Noting that part (a) involves an infinite number of octaves, what bandwidth is required to give nearly the same result?

### Solution

The resolution in part (a) is expressed in terms of $f_{u}$ while those in (c) are in terms of $f_{L}$ . To compare the results we equate $nf_{L}$ to $f_{u}$ , so that we have four frequency bands, each with top frequency $f_{u}$ and extending downward 1, 1.5, 2, 3, and an infinite number of octaves. This means that the values of $t_{r}$ in (c) must be adjusted to get $nf_{L}$ in the denominator, e.g.,for $n=4$ , $t_{r}=4\times 0.175/(4f_{L})$ . The results are shown in Table 6.18a.

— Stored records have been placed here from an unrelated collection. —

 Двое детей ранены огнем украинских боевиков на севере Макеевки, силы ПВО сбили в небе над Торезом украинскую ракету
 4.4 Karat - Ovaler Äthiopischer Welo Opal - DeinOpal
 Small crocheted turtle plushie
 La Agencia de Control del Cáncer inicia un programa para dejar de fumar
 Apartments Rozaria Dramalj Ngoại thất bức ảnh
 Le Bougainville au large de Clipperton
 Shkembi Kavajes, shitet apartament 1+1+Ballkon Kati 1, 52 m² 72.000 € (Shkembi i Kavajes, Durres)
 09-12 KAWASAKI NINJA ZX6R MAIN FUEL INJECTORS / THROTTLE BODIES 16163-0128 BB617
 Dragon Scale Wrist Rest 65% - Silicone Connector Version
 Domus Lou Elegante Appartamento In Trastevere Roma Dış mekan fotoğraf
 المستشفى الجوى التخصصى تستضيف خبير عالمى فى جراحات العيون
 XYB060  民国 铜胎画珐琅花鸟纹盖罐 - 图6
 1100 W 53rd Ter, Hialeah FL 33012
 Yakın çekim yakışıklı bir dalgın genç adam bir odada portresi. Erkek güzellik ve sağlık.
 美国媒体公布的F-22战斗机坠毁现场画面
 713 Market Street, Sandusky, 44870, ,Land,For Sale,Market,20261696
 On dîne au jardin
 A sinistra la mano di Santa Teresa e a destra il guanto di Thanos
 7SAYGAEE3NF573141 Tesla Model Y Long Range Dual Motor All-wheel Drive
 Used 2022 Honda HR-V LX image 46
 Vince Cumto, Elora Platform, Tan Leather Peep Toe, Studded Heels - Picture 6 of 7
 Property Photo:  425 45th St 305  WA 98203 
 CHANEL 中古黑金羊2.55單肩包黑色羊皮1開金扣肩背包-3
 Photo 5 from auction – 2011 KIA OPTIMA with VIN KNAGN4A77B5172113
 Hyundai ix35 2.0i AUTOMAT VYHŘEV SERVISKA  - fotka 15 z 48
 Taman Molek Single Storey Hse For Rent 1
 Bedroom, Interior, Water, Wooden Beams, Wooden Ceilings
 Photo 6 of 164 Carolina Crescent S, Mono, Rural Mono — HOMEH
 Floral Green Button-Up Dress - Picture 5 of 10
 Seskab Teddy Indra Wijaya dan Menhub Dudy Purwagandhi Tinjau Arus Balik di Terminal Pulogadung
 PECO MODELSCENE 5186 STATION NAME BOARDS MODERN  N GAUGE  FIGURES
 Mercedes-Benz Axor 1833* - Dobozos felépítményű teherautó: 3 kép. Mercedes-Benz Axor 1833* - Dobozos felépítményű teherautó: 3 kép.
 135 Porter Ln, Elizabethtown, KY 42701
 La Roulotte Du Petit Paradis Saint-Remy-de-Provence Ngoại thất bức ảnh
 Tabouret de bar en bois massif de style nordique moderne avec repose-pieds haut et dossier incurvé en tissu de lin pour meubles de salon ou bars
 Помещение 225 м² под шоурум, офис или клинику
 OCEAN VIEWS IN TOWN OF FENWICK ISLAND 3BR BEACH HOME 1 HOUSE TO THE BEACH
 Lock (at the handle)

Table 6.18a. Resolution versus number of octaves.
$m$ $n$ $t_{r}$ /($nf_{L}$ )
$\infty$ $\infty$ 0.715
3 8 0.712
2 4 0.700
1.5 2.83 0.679
1 2 0.321

Thus, three octaves bandwidth ($m=3$ ) gives almost as good resolution as an infinite number of octaves but the resolution deteriorates for band-widths $<1.5$ octaves.